There are also genetic and environmental factors to consider before applying this study’s findings to the real world. The analysis underpinning FIFA’s age regulation does include some individuals from Algeria(which is in north Africa), yet it does not include anyone from sub-Saharan Africa, where this ruling has been applied before—and is again now. Very little puberty research is focused on the sub-Saharan region, so it is difficult to pinpoint information about the onset and tempo of puberty in Nigeria. But scientists have uncovered variation elsewhere. Multiple studies have shown that kids embark on puberty at different times based on factors including nutrition, environment and ethnic background. Puberty in African-American girls who grow up in the U.S. begins roughly a year earlier, on average, than among white girls, for example.

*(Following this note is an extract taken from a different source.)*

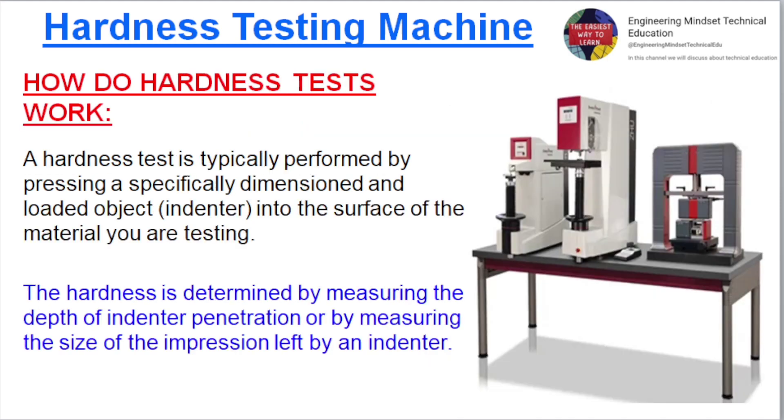How do hardness tests work? A hardness test is typically performed by pressing a specifically dimensioned and loaded object — an indenter — into the surface of the material you are testing. The hardness is determined by measuring the depth of indenter penetration, or by measuring the size of the impression left by the indenter.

Ultimately, there is no known foolproof, scientific test that will allow doctors—or sports regulators—to determine an individual’s age. The science suggests that applying a lone wrist MRI test to make such determinations is inappropriate at best and potentially harmful at worst. Political leaders and regulators searching for age tests in other settings—such as classifying immigrants seeking asylum (because different rules apply for minors and adults)—could potentially look to this type of age cutoff test, too, with troubling results. Right now “people aren’t trying to use magnetic resonance imaging [to classify the age of refugees] but they are using x-ray imaging to look at bone age and make a determination as to whether they are children or not,” says Babette Zemel, a pediatrics professor focused on child growth and development at The Children’s Hospital of Philadelphia. “Looking at the bones can give you a good idea if one child is skeletally more mature, but it is insufficient for determining whether or not a child should be permitted to be on a sports team or claim asylum status because it doesn’t tell you about their chronological age.”